April 11, 1999|By William Patalon III | William Patalon III,SUN STAFF

In places, it's five stories high. Its key section is four football fields long. And the whole project will cost about $80 million more than the Baltimore Ravens' football stadium.

The project's most important objective is to rejuvenate Bethlehem Steel Corp.'s long-moribund Sparrows Point Division -- virtually ensuring that steelmaking will remain a major part of metropolitan Baltimore's economy well into the next century.

The project is Bethlehem's new cold-sheet mill, a $300 million plant under construction on the northwest corner of the 2,500-acre Sparrows Point complex.

The mill is to start production next March and be running at full speed seven months later.

But the new cold-steel mill is more than just a high-dollar project. It's part of a company strategy to have its steel command a premium in the market.

The cold mill, plus the $100 million being spent to reline the huge Sparrows Point blast furnace this summer, shows Bethlehem's faith that its Sparrows Point Division's Big Steel plant can still make big bucks.
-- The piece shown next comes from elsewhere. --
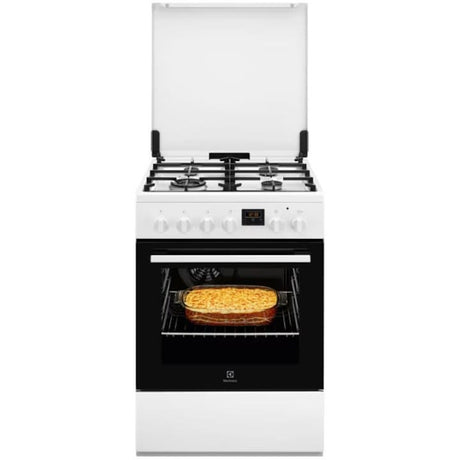 Electrolux Aragaz Aragaz Electrolux LKK664222W | mixt, SteamBake, 4 arzatoare, Gaz + Electric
"Sparrows Point is clearly one of the core businesses, with the modernization going on there," said Curtis H. Barnette, Bethlehem Steel chairman and chief executive officer. "It's one of our largest projects and is a vote of confidence in the Sparrows Point management."

Some analysts once argued that Bethlehem Steel should shut down Sparrows Point, calling it too old, too costly and a drain on the company's fi- nancial performance, said Ken Hoffman, a Prudential Securities analyst. But not now.

However, such progress always carries a price in terms of jobs and tax dollars.

As is true of most big economic-development projects today, the cold-mill decision was initially a high-stakes poker game as Bethlehem dangled the possibility that it might build the plant outside Maryland. The company made sure it was dealt the best hand possible before it agreed to put the new mill at Sparrows Point.

The state and Baltimore County agreed to an $80 million financing package, while Baltimore Gas and Electric Co. reportedly granted inducements to the company, too.

The United Steelworkers of America union chipped in when it agreed to job reductions and more flexible work rules. Sparrows Point's combined white- and blue-collar ranks will shrink to 4,000 next year, from about 5,200 in mid-1997 when the cost-reduction agreements that led to the cold-sheet-mill deal were reached.

The decline in jobs includes 400 lost when the Sparrows Point's plate mill was closed after Bethlehem bought Lukens Inc., a Pennsylvania plate maker.

Once employed 30,000

Bethlehem's Sparrows Point employment topped more than 30,000 in 1959.

"I guess I have mixed feelings about this," said 37-year-veteran Burt Dixon, president of Steelworkers Local 2609, which represents hourly employees who will be working in the new cold-sheet mill.

"If not for [the new mill] coming to `the Point,' I think the company would harvest the plant and move it somewhere else. People know the place for this is here and that we really needed to make the investment."

But other union officials are ecstatic about the new steel mill. To them, it's simple: no cold mill, no Sparrows Point.

Company officials say all but a few of the job losses -- including those from the plate mill -- came through attrition or retirement buyouts, and that most who wanted to return from layoffs have already done so.

Because of Sparrows Point's high turnover rate, company leaders are confident the rest of the agreed cuts also will come through attrition.

With the new cold-sheet mill, a refurbished blast furnace, fewer workers and a more flexible work environment, Sparrows Point is coming into its own just as steel prices are starting to increase, said Hoffman, the Prudential Securities analyst.

Company executives, analysts and union officers all agree the cold-sheet mill is key to making the Sparrows Point Division a vibrant and profitable enterprise.

That's because the cold-rolling process creates steel products of higher quality and allows the manufacturer to offer profit-boosting extras, such as special coatings, that can't be offered with hot-rolled steel.

Bethlehem Steel is a "vertically integrated" steelmaker, which means it makes most of its steel from scratch and tries to serve a big range of markets -- unlike "mini-mill" rivals, which operate more cheaply by churning out steel made mostly from scrap and which cater to niche markets.

Big firms such as Bethlehem Steel, with their sprawling operations and high fixed costs, have to run as much steel through their plants as they can to make money.

The new cold-sheet mill should lead to higher output, company leaders figure, because it heightens the facility's product mix.

The Sparrows Point plant takes iron ore and coke and makes big steel slabs.

The slabs are run through a "hot-strip mill" which rolls the super-heated steel into thin sheets that are wound into huge, tight coils.